Vol. 13, No. 47 Week of November 23, 2008

The Explorers 2008: Glennallen well still on hold

Texas firm Rutter & Wilbanks still needs a rig to test its gas find in the Copper River basin

Alan Bailey

Petroleum News

When in 2004 Midland, Texas-based Rutter and Wilbanks took a farmout option with Anschutz Exploration and Forest Oil to explore in Alaska’s Copper River basin, the small family-run independent oil company little knew the magnitude of the task that it was undertaking.

In 2005 the company drilled what should have been a straightforward exploration well, the Ahtna 1-19 wildcat well about 12 miles west of Glennallen and 180 miles north and east of Anchorage. But, thanks to some exceptionally high pressures at shallow depths, the drilling so far has cost way more than the company had originally expected.

And, more than three years after spudding the initial well, the company is still trying to obtain a drilling rig to re-enter the well, to prove out a natural gas resource that it thinks it has found.

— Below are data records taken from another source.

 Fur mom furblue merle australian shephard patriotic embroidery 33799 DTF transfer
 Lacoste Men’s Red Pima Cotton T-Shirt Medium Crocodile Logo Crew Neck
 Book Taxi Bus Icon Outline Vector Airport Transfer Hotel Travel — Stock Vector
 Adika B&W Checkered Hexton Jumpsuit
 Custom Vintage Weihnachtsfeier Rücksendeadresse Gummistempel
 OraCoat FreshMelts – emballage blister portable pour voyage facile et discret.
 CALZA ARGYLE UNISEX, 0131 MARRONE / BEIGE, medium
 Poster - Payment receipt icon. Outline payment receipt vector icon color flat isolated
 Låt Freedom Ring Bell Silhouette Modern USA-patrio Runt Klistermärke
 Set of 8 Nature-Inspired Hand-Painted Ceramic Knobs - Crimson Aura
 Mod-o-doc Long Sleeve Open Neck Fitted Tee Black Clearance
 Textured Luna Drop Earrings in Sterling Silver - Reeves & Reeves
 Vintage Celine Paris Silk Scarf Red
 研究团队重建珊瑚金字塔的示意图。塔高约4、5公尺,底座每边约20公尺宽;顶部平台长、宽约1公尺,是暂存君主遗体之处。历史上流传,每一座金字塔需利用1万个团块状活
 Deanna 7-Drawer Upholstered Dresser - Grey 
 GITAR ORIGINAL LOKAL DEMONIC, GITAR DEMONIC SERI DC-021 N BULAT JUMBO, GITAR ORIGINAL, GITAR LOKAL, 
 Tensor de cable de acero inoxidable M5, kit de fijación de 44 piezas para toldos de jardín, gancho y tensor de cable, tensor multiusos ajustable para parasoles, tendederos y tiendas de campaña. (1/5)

“We expected to drill this well for something like $2 million and it’s cost $20 million,” Bill Rutter Jr., vice president of Rutter and Wilbanks, told Petroleum News Sept. 3. “But I think we’ve got a discovery to make it all worthwhile.”

Risk taker

And the family run business is used to risk taking.

Back in 1936 the first generation of the Rutter and Wilbanks families got into the oil industry by drilling a wildcat well in the McCamey field in west Texas.

“A 100-acre lease produced a million barrels by 1949,” Rutter said. “… The field is still producing and that lease is still producing. We get a little royalty from it.”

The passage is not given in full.